PsyPlay tackles the gap in RPCAs by enabling personality-infused role-playing with Big Five traits through a three-stage framework: Role Card Creation, Topic Extraction, and Dialogue Generation. The approach combines trait-driven role cards, topic grounding from real-world data, and AutoGen-based dialogue to produce multi-turn interactions where agents consistently reflect designated personalities. Automated back-testing with GPT-3.5 shows an overall success rate of 80.31%, with higher fidelity for positive traits, and a large PsyPlay-Bench corpus (4745 validated dialogues) to support future research in personalized dialogue and personality detection. The findings also reveal how trait levels, dialogue turns, and model alignment influence portrayal fidelity, offering practical insights for building more realistic and controllable personality-aware agents.

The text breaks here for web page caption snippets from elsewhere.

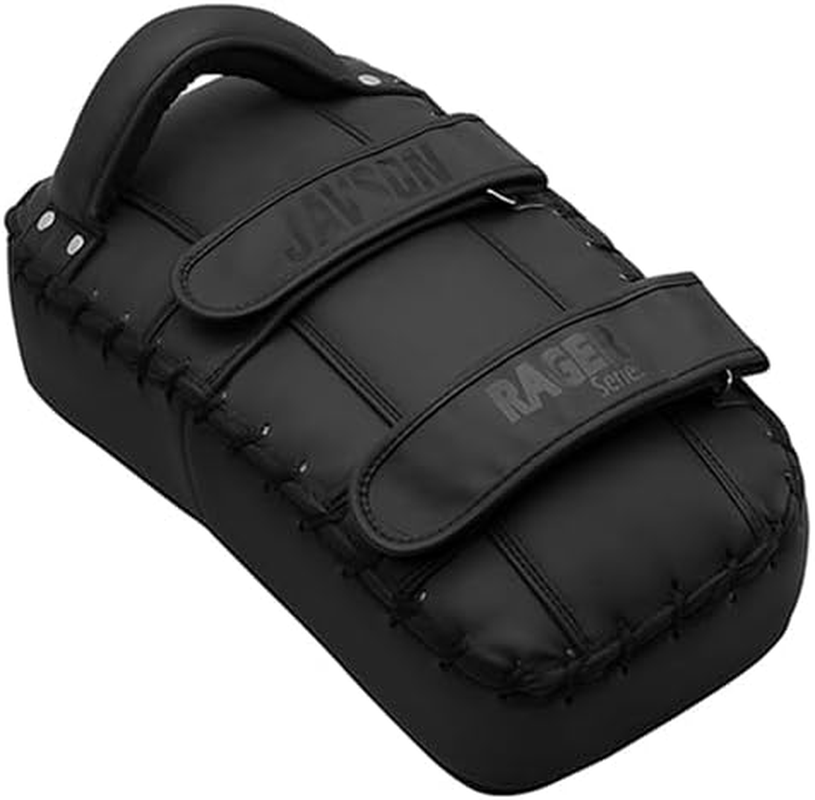 Thai Pads Artificial Leather 1 Unit Curved Shape Kick Training Shield, MMA Muay Thai Pad, Kickboxing Thai Pad for Boxing, Muay Thai, MMA, Kickboxing and Martial Arts Equipment by Javson image number 1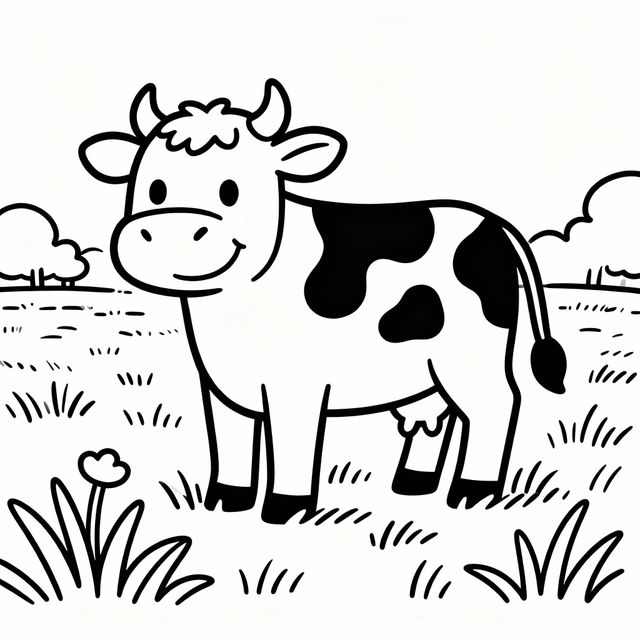 Easy Cow Drawings - Made With AI gallery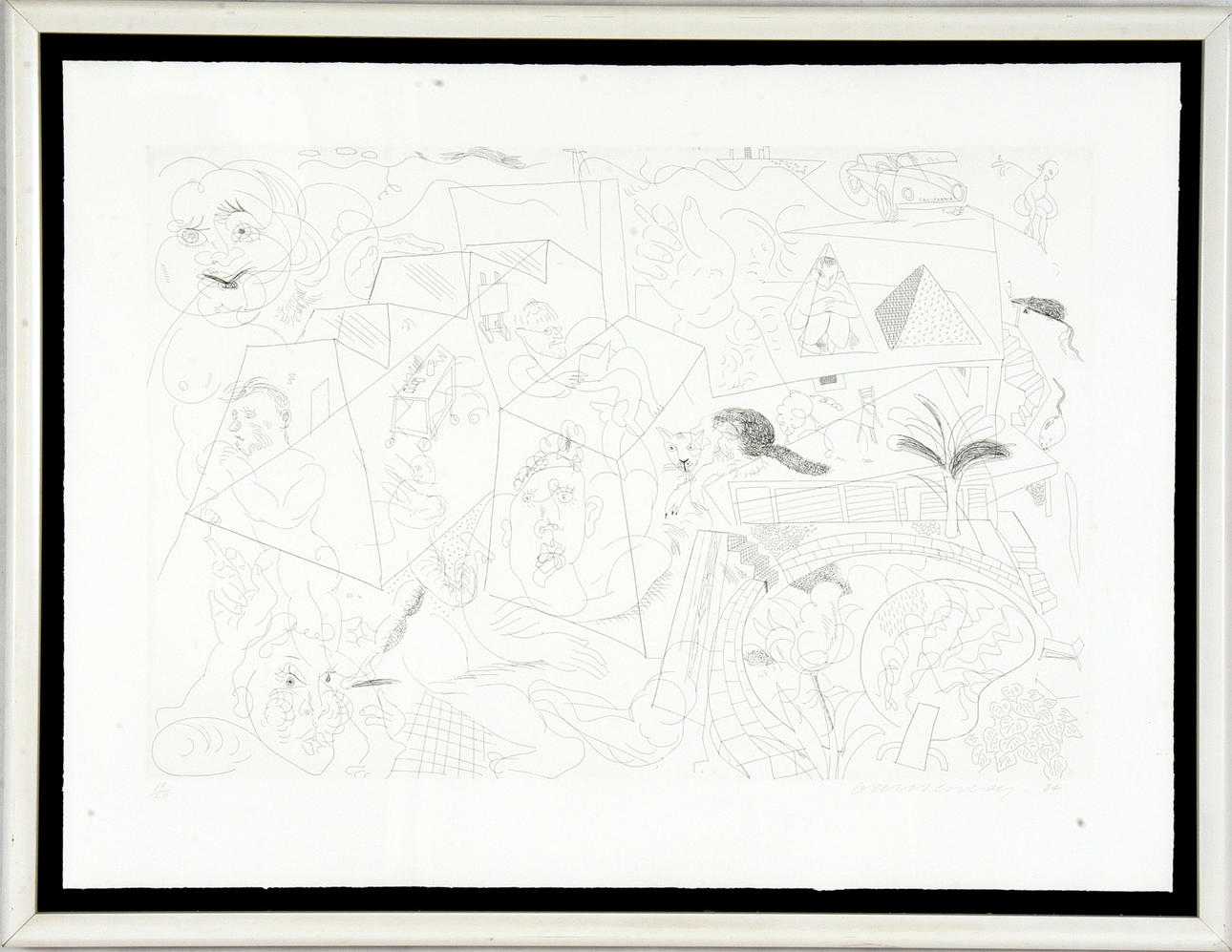 DAVID HOCKNEY. Etsning.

The PsyPlay framework and PsyPlay-Bench provide valuable resources for developing, evaluating, and benchmarking personality-infused RPCAs in real-world settings.

Abstract

The current research on Role-Playing Conversational Agents (RPCAs) with Large Language Models (LLMs) primarily focuses on imitating specific speaking styles and utilizing character backgrounds, neglecting the depiction of deeper personality traits.~In this study, we introduce personality-infused role-playing for LLM agents, which encourages agents to accurately portray their designated personality traits during dialogues. We then propose PsyPlay, a dialogue generation framework that facilitates the expression of rich personalities among multiple LLM agents. Specifically, PsyPlay enables agents to assume roles with distinct personality traits and engage in discussions centered around specific topics, consistently exhibiting their designated personality traits throughout the interactions. Validation on generated dialogue data demonstrates that PsyPlay can accurately portray the intended personality traits, achieving an overall success rate of 80.31% on GPT-3.5. Notably, we observe that LLMs aligned with positive values are more successful in portraying positive personality roles compared to negative ones. Moreover, we construct a dialogue corpus for personality-infused role-playing, called PsyPlay-Bench. The corpus, which consists of 4745 instances of correctly portrayed dialogues using PsyPlay, aims to further facilitate research in personalized role-playing and dialogue personality detection.

Paper Structure

This paper contains 36 sections, 5 figures, 11 tables.

Figures (5)

  • Figure 1: An illustration of a dialogue that encapsulates the distinctive personalities of two agents. Agent A, who exhibits high levels of conscientiousness and agreeableness, typically maintains an optimistic perspective and a strong inclination towards empathy. Conversely, Agent B, who is characterized by low levels of openness and agreeableness, tends to display a pessimistic attitude and a resistance towards embracing new experiences.
  • Figure 2: Illustration of the proposed PsyPlay through three stages: Role Card Creation, Topic Extraction, and Dialogue Generation. The first stage aims to create multiple personalized roles. The second stage extracts appropriate dialogue topics for roles. The third stage prompts the roles to engage in conversation with each other based on the given topic, resulting in personality-infused dialogues.
  • Figure 3: Results of the study on personality levels. The lower-level "a bit" exhibits poor rate, while the higher-levels "very" and "extremely" show superior rates.
  • Figure 4: Results of the study on dialogue turns. The results suggest that the positive dimensions and the negative dimensions show the opposite trend.
  • Figure 5: Diversity analysis of portrayed traits. Rows and columns represent predefined and back-tested personalities, respectively. Each score refers the percentage of that personality can be detected from the dialogue.